## Work instructions:
From the records below, copy out exactly the lines from the one containing "myntra.com Stylecast X" to the one containing "Covid Cases Increasing", both included. Add nothing else.

Records from a collection:

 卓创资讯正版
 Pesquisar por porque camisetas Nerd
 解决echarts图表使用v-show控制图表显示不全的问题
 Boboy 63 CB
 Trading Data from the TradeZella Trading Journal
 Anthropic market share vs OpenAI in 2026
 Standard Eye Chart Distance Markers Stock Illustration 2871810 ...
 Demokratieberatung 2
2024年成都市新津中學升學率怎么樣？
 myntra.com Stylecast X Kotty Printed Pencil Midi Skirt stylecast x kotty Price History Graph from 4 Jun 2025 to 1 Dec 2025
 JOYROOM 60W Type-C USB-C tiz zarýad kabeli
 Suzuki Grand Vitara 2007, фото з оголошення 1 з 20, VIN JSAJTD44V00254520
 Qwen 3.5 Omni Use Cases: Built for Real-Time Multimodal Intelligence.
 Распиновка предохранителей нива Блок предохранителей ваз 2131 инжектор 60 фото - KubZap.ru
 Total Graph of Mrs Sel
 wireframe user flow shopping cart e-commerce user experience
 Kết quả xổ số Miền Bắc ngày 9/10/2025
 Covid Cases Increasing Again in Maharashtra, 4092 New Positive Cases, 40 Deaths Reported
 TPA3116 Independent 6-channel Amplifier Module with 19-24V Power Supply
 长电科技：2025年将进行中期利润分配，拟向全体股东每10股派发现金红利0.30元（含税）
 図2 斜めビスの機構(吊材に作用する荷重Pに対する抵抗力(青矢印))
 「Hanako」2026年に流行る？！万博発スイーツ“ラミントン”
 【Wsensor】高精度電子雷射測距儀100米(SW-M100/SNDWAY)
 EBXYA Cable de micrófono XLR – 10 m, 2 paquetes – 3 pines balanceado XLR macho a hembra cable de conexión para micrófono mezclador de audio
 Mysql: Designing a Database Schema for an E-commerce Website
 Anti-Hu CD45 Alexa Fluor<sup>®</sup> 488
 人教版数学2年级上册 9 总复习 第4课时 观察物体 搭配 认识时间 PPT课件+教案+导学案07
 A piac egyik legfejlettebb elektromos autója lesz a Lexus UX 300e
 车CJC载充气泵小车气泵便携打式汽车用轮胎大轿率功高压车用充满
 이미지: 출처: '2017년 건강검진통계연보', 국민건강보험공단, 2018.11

## Solution below:
 myntra.com Stylecast X Kotty Printed Pencil Midi Skirt stylecast x kotty Price History Graph from 4 Jun 2025 to 1 Dec 2025
 JOYROOM 60W Type-C USB-C tiz zarýad kabeli
 Suzuki Grand Vitara 2007, фото з оголошення 1 з 20, VIN JSAJTD44V00254520
 Qwen 3.5 Omni Use Cases: Built for Real-Time Multimodal Intelligence.
 Распиновка предохранителей нива Блок предохранителей ваз 2131 инжектор 60 фото - KubZap.ru
 Total Graph of Mrs Sel
 wireframe user flow shopping cart e-commerce user experience
 Kết quả xổ số Miền Bắc ngày 9/10/2025
 Covid Cases Increasing Again in Maharashtra, 4092 New Positive Cases, 40 Deaths Reported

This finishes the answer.